• [What to work on]: Repeat the listing below line by line, exactly, leaving its pictures behind.

• [Dataset excerpt]:
= Beginning of Section =

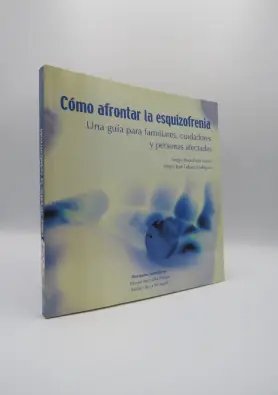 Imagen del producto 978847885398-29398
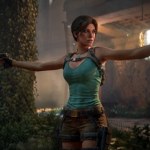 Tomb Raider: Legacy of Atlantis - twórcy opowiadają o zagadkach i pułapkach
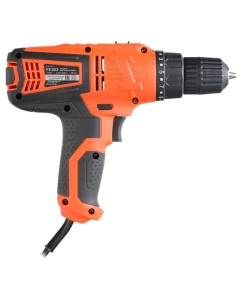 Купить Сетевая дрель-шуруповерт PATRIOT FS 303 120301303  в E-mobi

= End of Section =

• [Result of this task]:
 Imagen del producto 978847885398-29398
 Tomb Raider: Legacy of Atlantis - twórcy opowiadają o zagadkach i pułapkach
 Купить Сетевая дрель-шуруповерт PATRIOT FS 303 120301303  в E-mobi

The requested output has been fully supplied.